The Biggest (in my opinion) Myth: Agile and scrum are novel improvements to traditional project management, tailored for the software industry.
Truth: Agile and scrum were developed to allow IT projects to indulge in all the scope creep they wanted..[1]
Mr. Hatfield argues that the IT industry developed Agile and Scrum in response to easy-to-miss, seemingly small, changes to software that led to "configuration management nightmares." This led, according to Mr. Hatfield, to:
...the introduction of tactics that "max out" project team communications, including co-location and employee roles that define the nature of their interactions with their colleagues, customers, and the technical agenda. But I have to ask: If the technical baseline was thoroughly and clearly defined at the project's start, and only changed formally, would any of this really be necessary[?][2]

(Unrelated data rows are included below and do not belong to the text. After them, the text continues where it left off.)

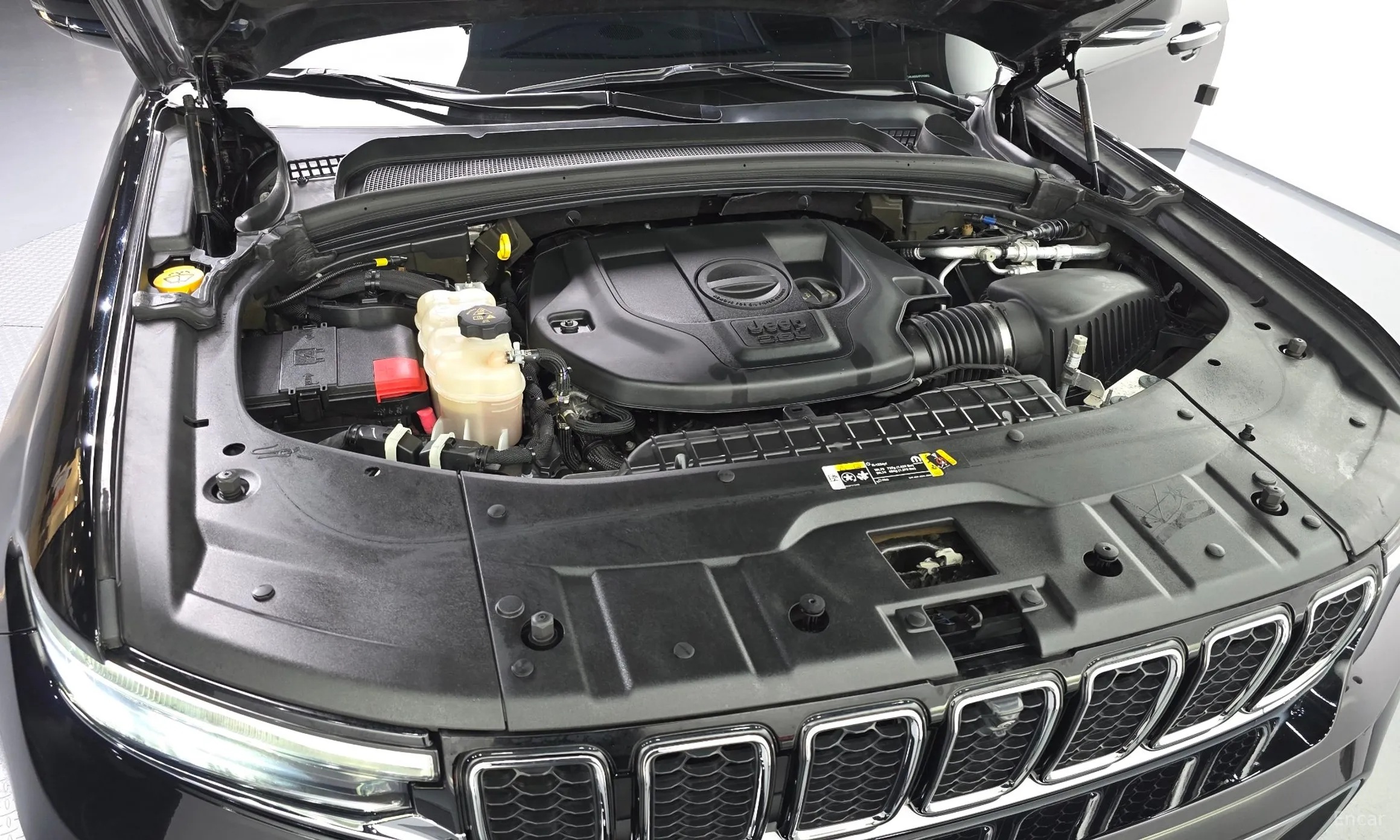 Jeep Grand Cherokee (WL) превью 6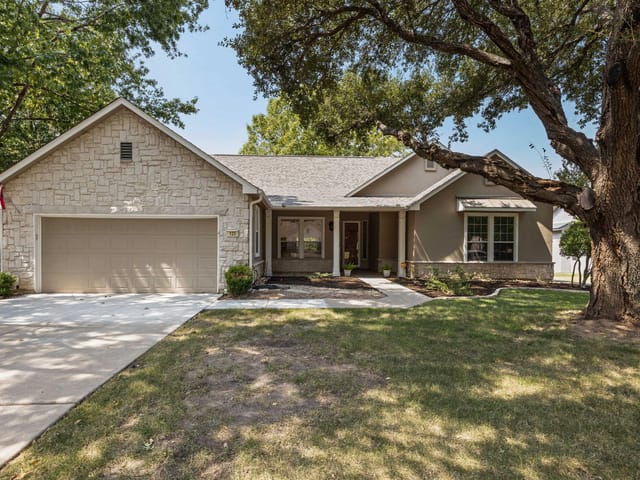 125 Crystal Springs DR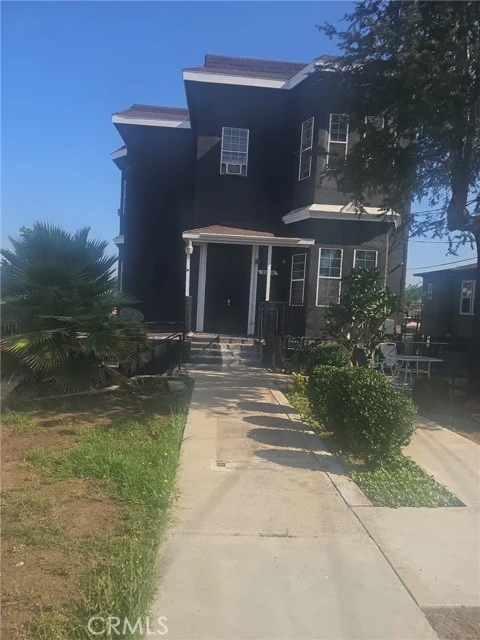3335 Folsom Street, Los Angeles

It seems, as one commenter noted, that Mr. Hatfield was baiting Agile and Scrum enthusiasts to debate the point. I should also note that Mr. Hatfield is only expressing his own opinions and does not represent PMI. One of the first of PMI's new "Communities of Practice" is dedicated to Agile.[3] With Agile now being applied to legal work, and traditional, "waterfall" style project management criticized as poorly fit for legal work, this is an interesting debate to follow.[4]

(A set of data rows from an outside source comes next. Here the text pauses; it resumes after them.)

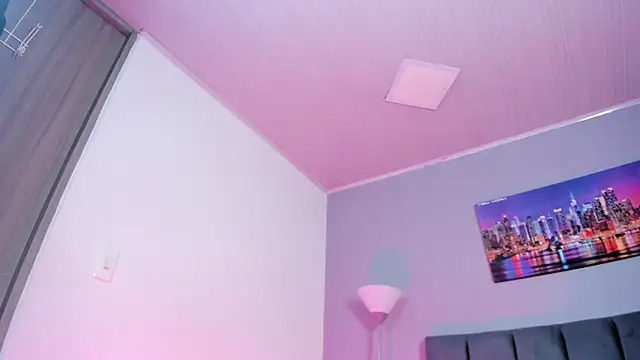 paulacastilla online show from October 30, 2025, 3:24 pm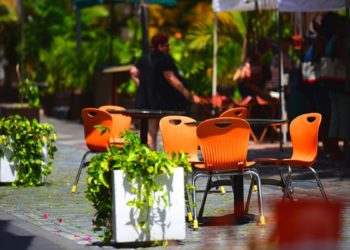 k-pop idol cafes restaurants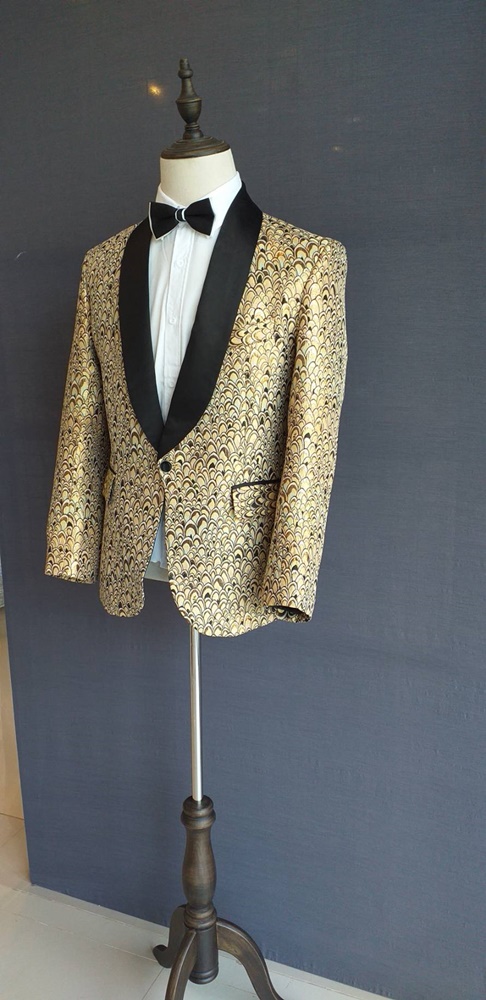 พร้อมเช่า ชุดสูท เสื้อสูทชาย สีทอง ปกทักซิโด้ ทอลาย3มิติ กับกางเกงสีดำ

[1] Michael Hatfield, Taking on Project Management Myths, Part 5, Voices on Project Management, Nov. 11, 2009, available at http://blogs.pmi.org/blog/voices_on_project_management/2009/11/taking-on-project-management-m-3.html (last visited on Dec. 3, 2009); Michael Hatfield's profile is available at About Bloggers, Voices on Project Management, http://blogs.pmi.org/blog/voices_on_project_management/about-bloggers.html (last visited on Dec. 3, 2009).
[2] Id.
[3] PMI.og: Get Involved: Communities of Practice, http://www.pmi.org/GetInvolved/Pages/Communities-of-Practice.aspx
[4] Paul C. Easton, Dialexia Throws Down the Gauntlet: Agile versus the EDRM and PMI PMBOK, Legal Project Management, Sep.29,2009 (last visited Dec. 3, 2009).




Mr. Hatfield is certainly entitled to his opinion.
Bad project management is bad project management, whether traditional-style buttoned-down, agile, scrum, or benign neglect. A poorly run IT scrum project can certainly be a mess. So can a poorly run waterfall IT project.
However, what defines a successful project? Mr. Hatfield's answer appears to be a project under strict control. I disagree. Boeing and Airbus are project-managing the heck out of their new airplanes... but they're still failing projects, neither delighting their airline customers nor making money. Projects are successful if and only if the resulting solution truly benefits the customer. The project manager is only an enabler, neither the customer nor the beneficiary.
Steven, thanks for commenting. Yes, ultimately, your success is going to be measured by satisfied customers and more business. But to state that "bad project management is bad project management" doesn't really address the question of whether Agile is adding anything to the project management body of knowledge.
You raise, however, a more interesting point. At what point do our efforts to increase efficiency and and control begin to be counter productive. Think of Six Sigma and 3M. It brought 3M's shareholders a great deal of short-term value but eventually stifled 3M's once-vaunted culture of innovation.
In services industries, like the practice of law, project management is far more exposed to your client expectations. You can provide efficient, competent service and still have an unhappy client. This usually arises from a failure of communication and soft skills. You see this a lot in outsourced work: the scope is well documented, the close monitoring and measuring of the work is reflected in fancy reports showing all is on schedule and to spec. Everything is green lights according BPO/LPO technocrats. But the client is not satisfied and they lose out on repeat business.
High quality is a baseline. The truly exceptional project managers are always going to be those who intuit their customer's concerns, flesh out desirable outcomes from stakeholders who might not really know or are unable to articulate what they want, and who can maintain a sense of comfort with and trust in the processes throughout the life of the project. Agile enthusiasts argue that Agile Project Management can help keep the client relationship on track better than traditional "waterfall" project management.
Do you feel this is the case, or is it more about PM's personality than the methodology he uses?